ELVIS & SINATRA (Episode 2)

ELVIS & SINATRA

THE SURPRISING RELATIONSHIP BETWEEN TWO MUSIC ICONS

By Mahnuel Muñoz

EPISODE 2
THE SONG REMAINS THE SAME

Frank’s supposed criticism of the influence of rock on youth would have been unfounded, given that in 1943 he himself had caused a cataclysm that cracked the foundations of the musical and social paradigm.

After making his debut in 1939 with the Harry James orchestra and consecrating himself with Tommy Dorsey‘s band between 1940 and 1942, he launched a risky move into a solo career with which he placed the role of singer – until then a mere second in the big bands-at the center of popular music.

His style based on Italian bel canto, with longer phrasing, greater vocal power and interpretive drama, differentiated him from the many associates of Bing Crosby, and the use of the microphone as if it were the body and face of a woman unleashed an enraged fan phenomenon that included street riots, screams, fainting and loss of bodily fluids from the innocent girls in short white socks.

These patterns were reproduced with slight variations, in each new musical advent, as would the perplexed and even harmful criticism from the previous generation; Abominations comparable to those leveled against rock and its creators were said about Sinatra’s fans.

Elvis Presley was the perfect figure to fulfill the recording industry’s goal of satisfying the attraction of working-class white youth to black music. At a time when racial segregation was commonplace, record companies created white idols to sell sanitized versions of rhythm and blues hits that rooted out the viscerality that made rock and roll a transformative sound.

Elvis was Caucasian and beautiful, from a humble family, the prototype of the American dream, and he was able to interpret the songs of African Americans without betraying the original message.

On stage, his performance was reinforced by explicitly sexual body language that broke with Sinatra’s subtle metaphors. The cunning of his manager, Colonel Tom Parker, made him the greatest icon in the history of rock and roll and a role model for teenagers who were beginning to work and dream of a world built by and for them.

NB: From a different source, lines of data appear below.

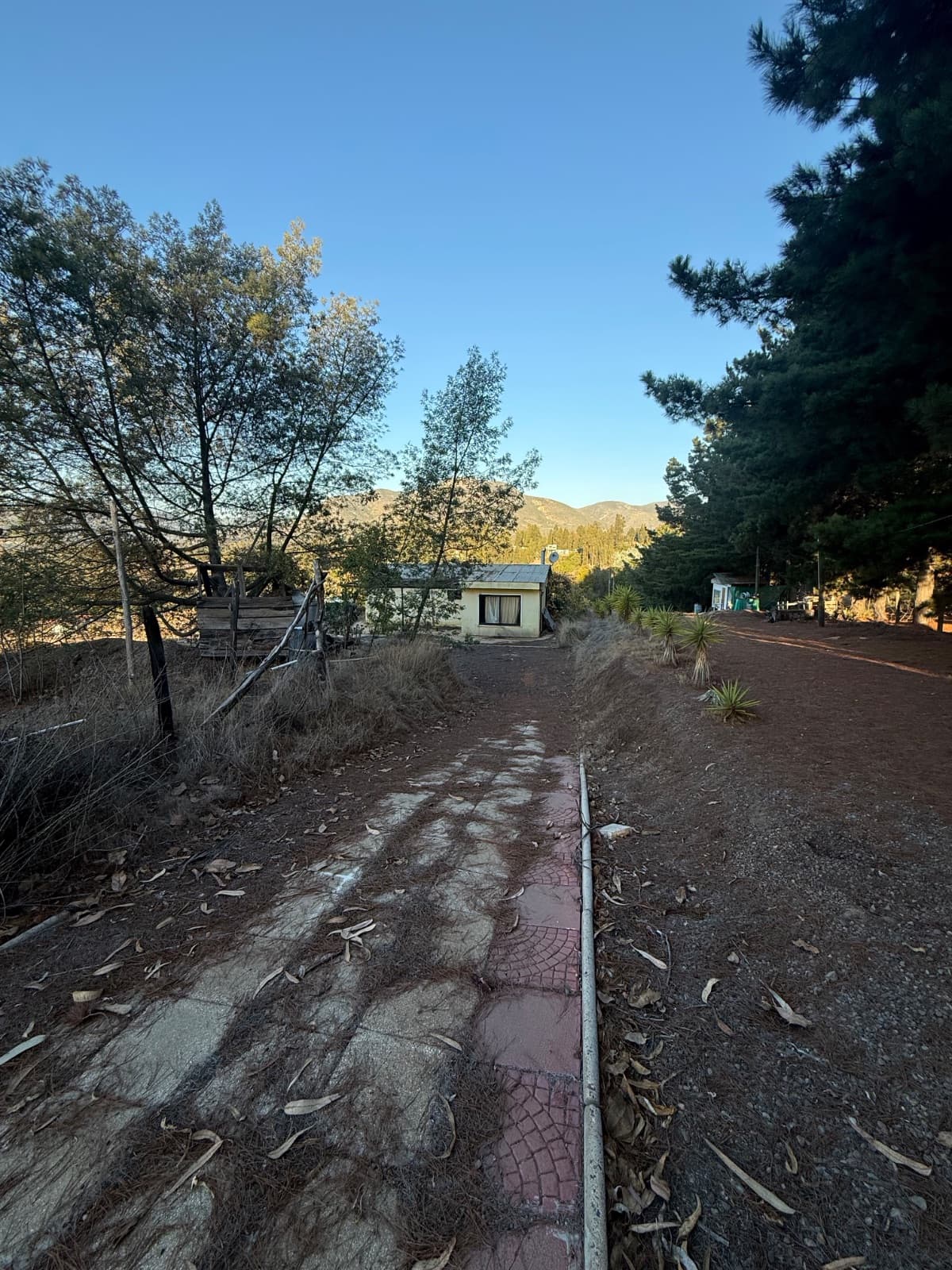 Campo más 1, MANTAGUA,, Concón, Región de Valparaíso 2510000, Chile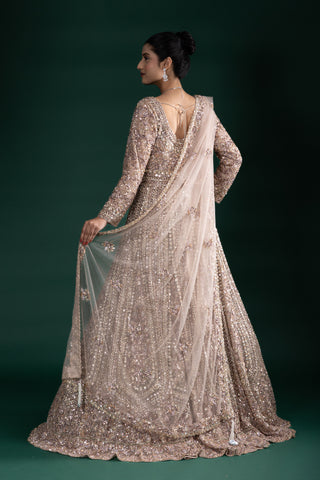 Mocha Brown Mirror Work Long Sleeve Gown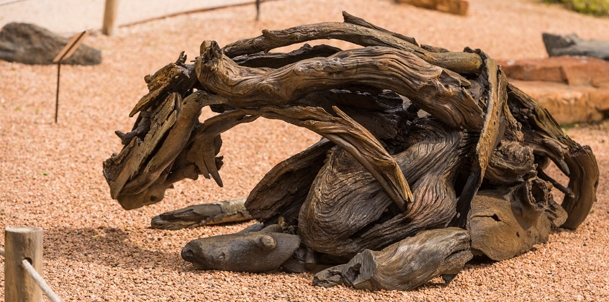 Minimalist horse sculpture using branch and stick pieces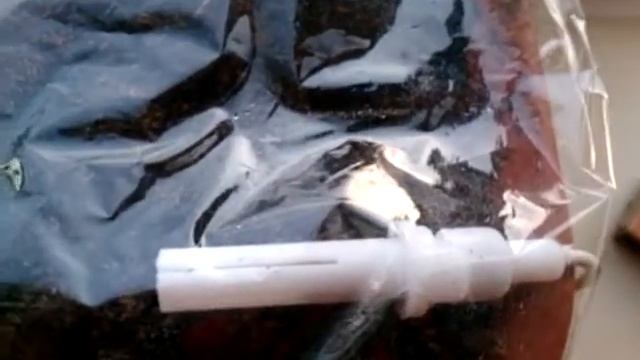 Выращиваем Укроп Петрушку Кинзу зимой на подоконнике смотреть онлайн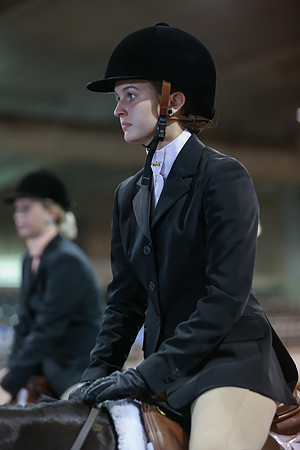 www.ngaphoto.com 2015 Georgia Federation of Saddle Clubs Championship Horse Show
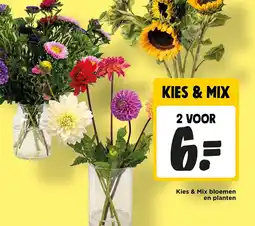 Jumbo Kies & Mix bloemen en planten aanbieding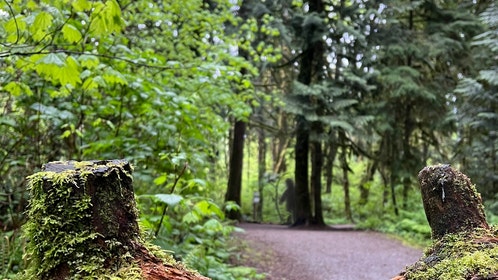 Air Force veteran spotted a Bigfoot near State College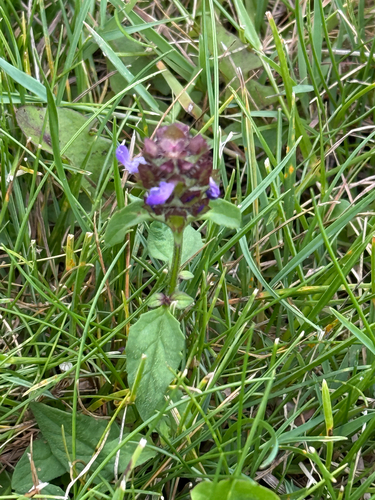 common selfheal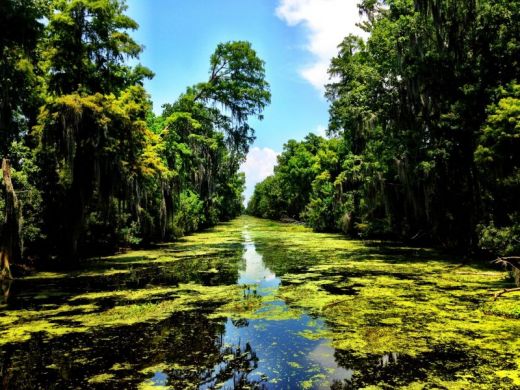 Louisiana swamps from Richard Gray's 'The Lookalike' (2013)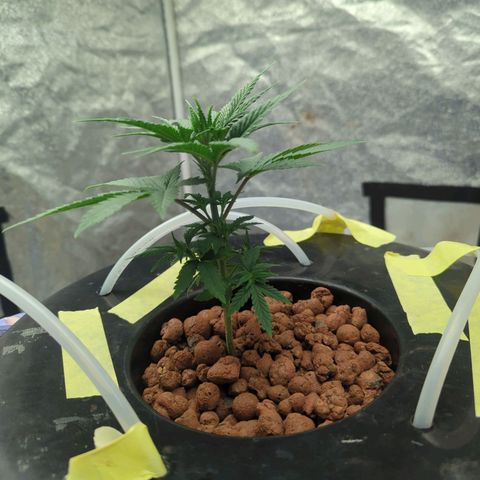 Royal Runtz #1 growlog timeline photo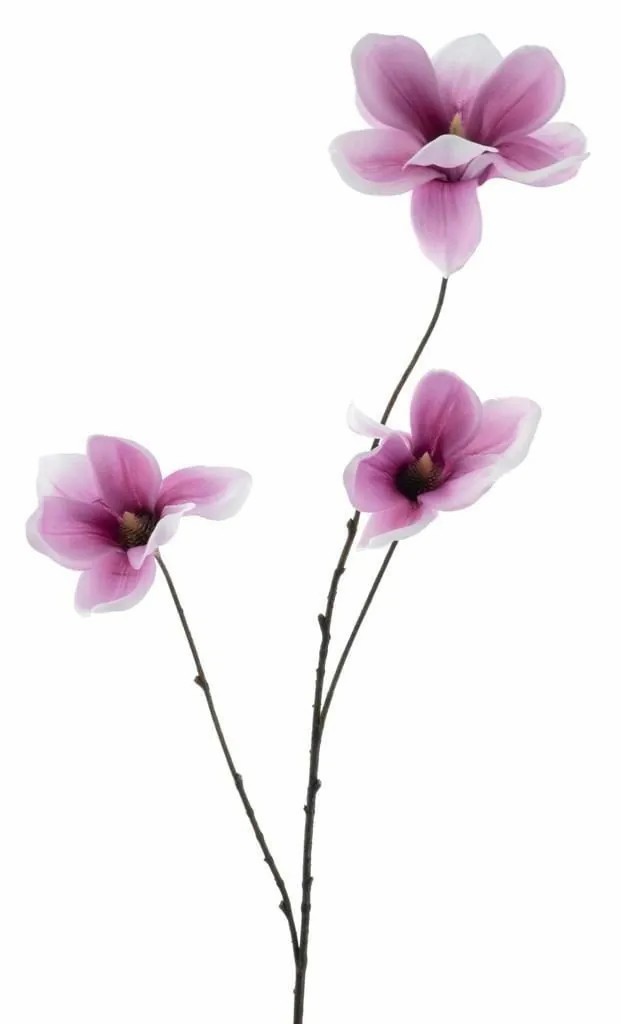 Magnolia | Artificial Branch Magnolia Flava, Dark Pink-White, 33"/85Cm Artificial Flowers Magnolia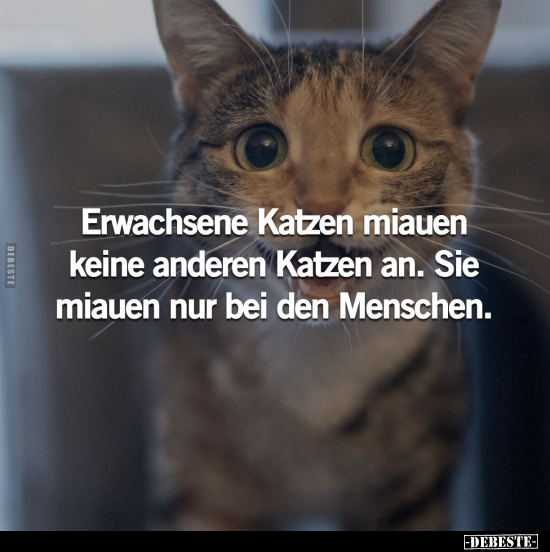 Erwachsene Katzen miauen keine anderen Katzen an... - Lustige Bilder | DEBESTE.de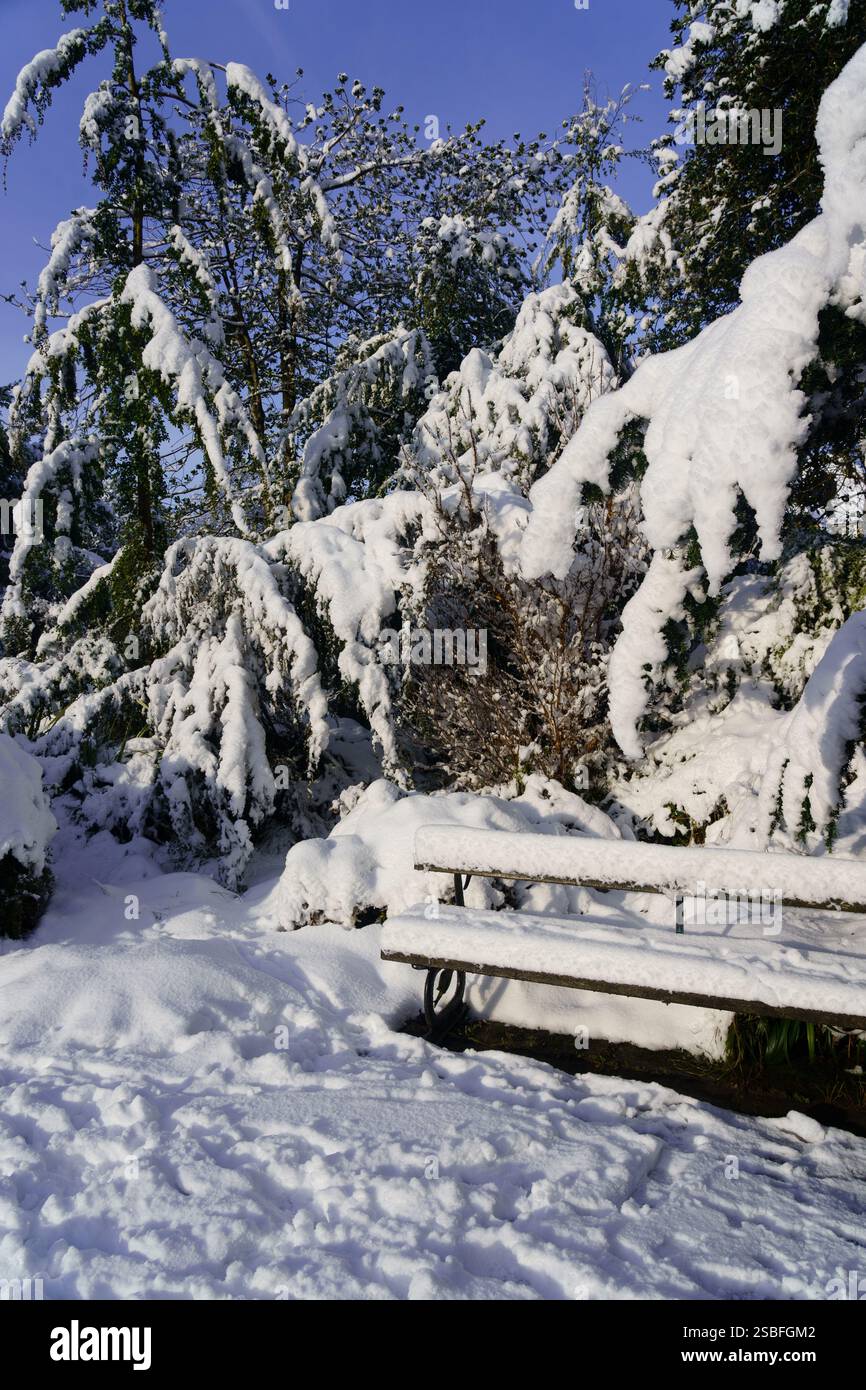 Un banc chargé de neige se trouve dans un parc hivernal, entouré d'arbres à feuilles persistantes chargés de neige dans les Valley Gardens, Harrogate, Yorkshire, Royaume-Uni. Banque D'Images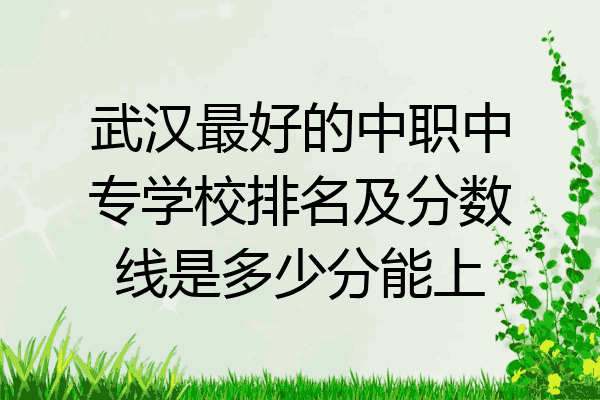 武汉最好的中职中专学校排名及分数线是多少分能上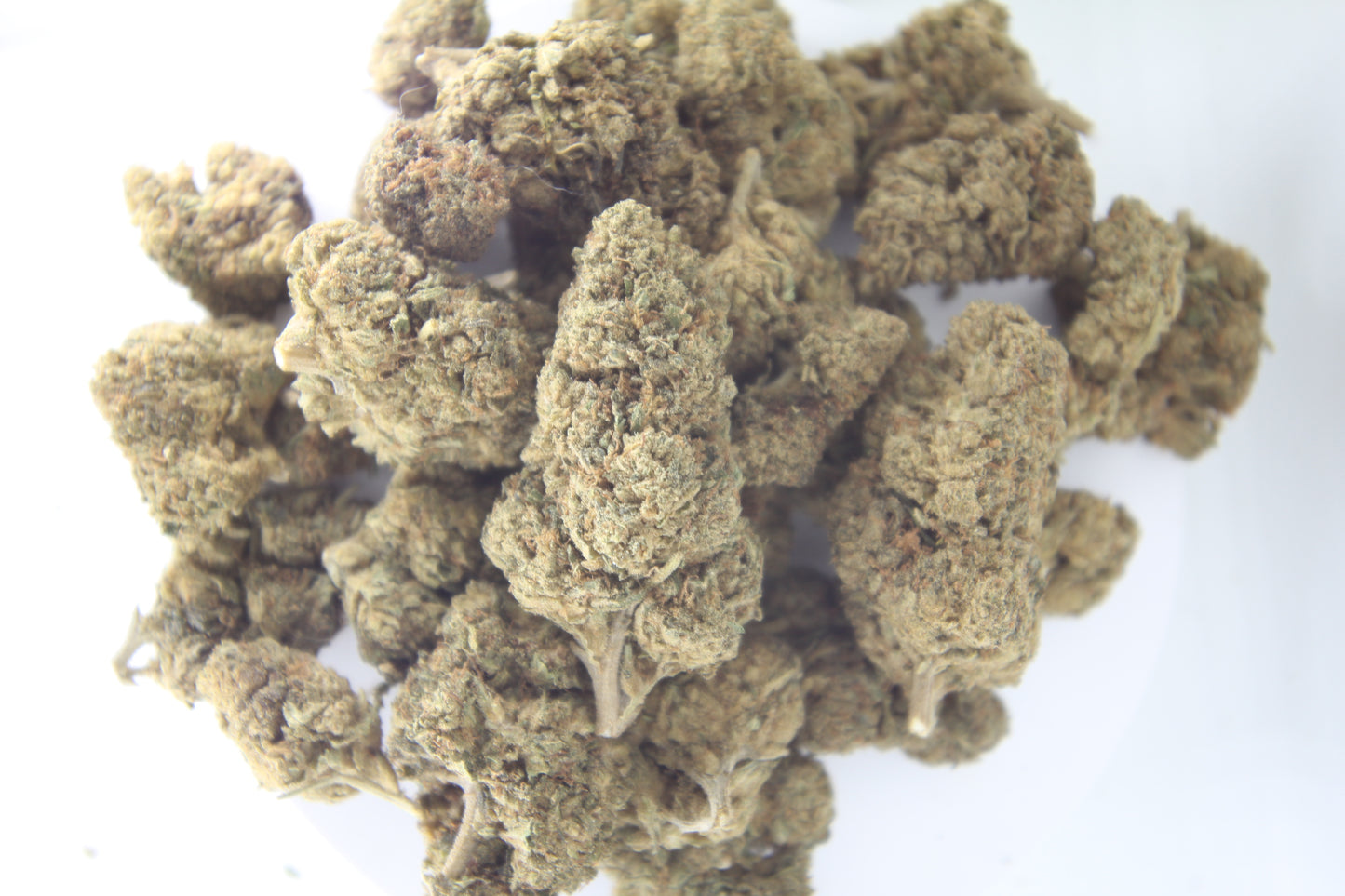 Tropical Haze x THCA 28% – HYBRID - Island Vibes, Dublin Streets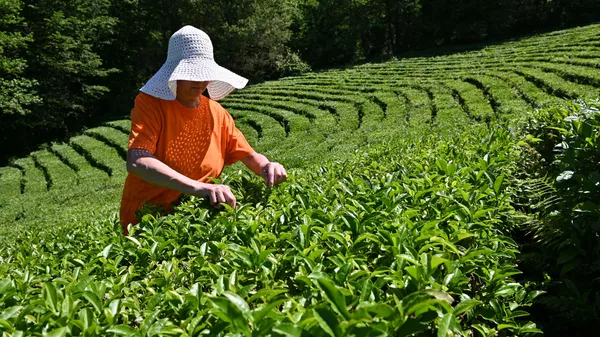 索契茶 - 俄羅斯衛星通訊社
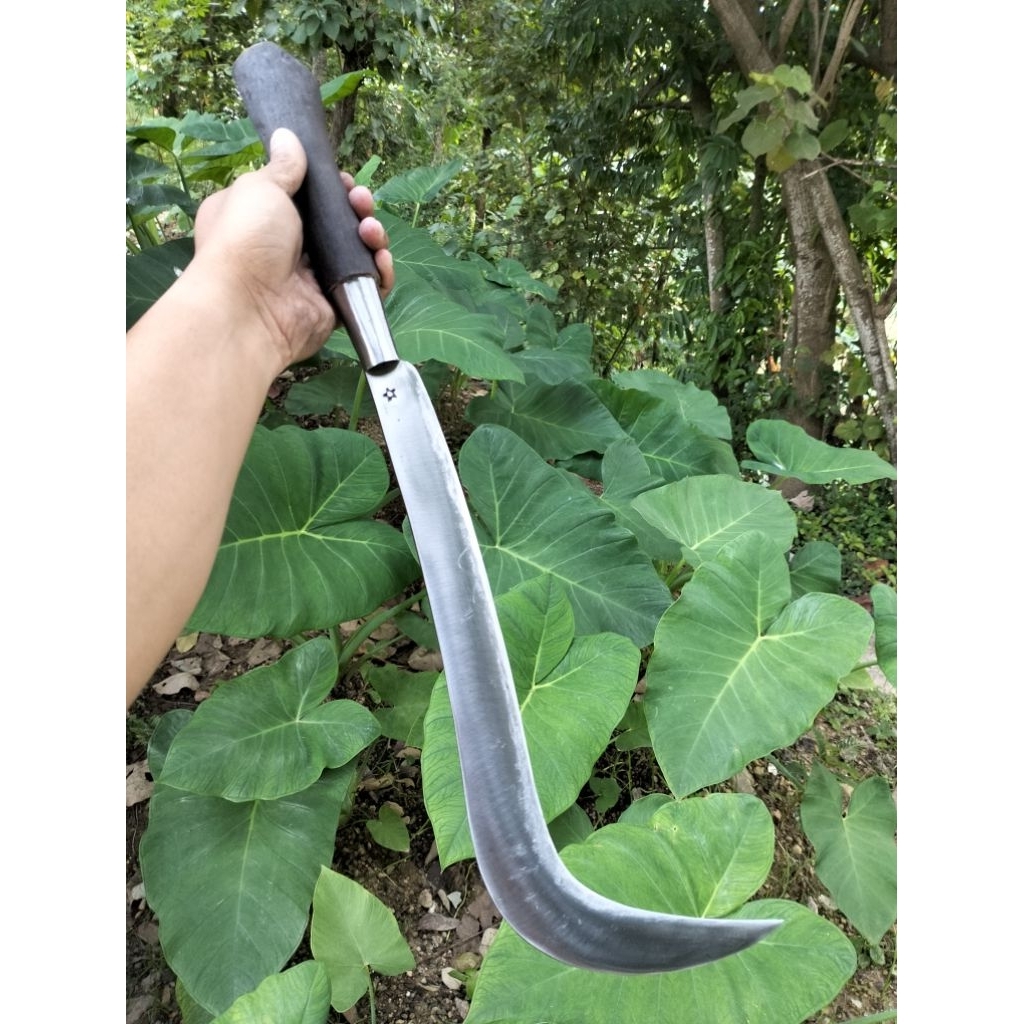 GORIT/PelongGalahPemetikSawit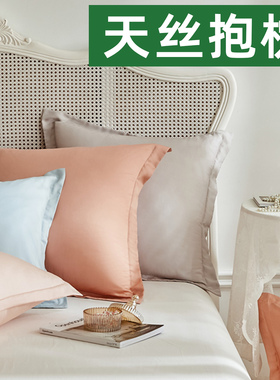 天丝抱枕套100支莱赛尔纤维夏天真凉感床上头大靠枕冰丝方靠背套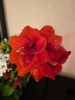IMG-20191213-WA0012.thumb.jpg.536f864f91b519fb65f7bb3adc2250fb.jpg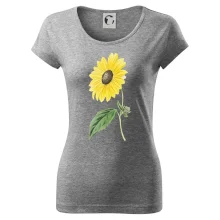 Slunečnice otočená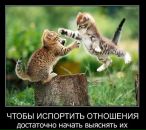 Фотография Левченко Наташи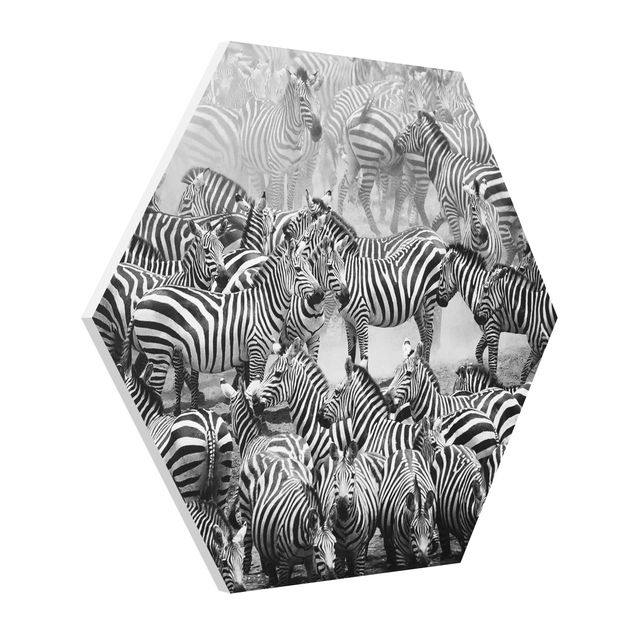 Cuadros modernos y elegantes Zebra herd II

Thousands of musicians were inspired by Elvis and his contemporaries around the world to compose the soundtrack of their respective generations.

Presley himself was also bothered by the arrival of the Beatles. It is understandable that our two protagonists, quite conservative in their conception of art, found it difficult to find the appeal of the new sounds, but somehow they ended up accepting them and incorporating them without betraying their own stylistic postulates.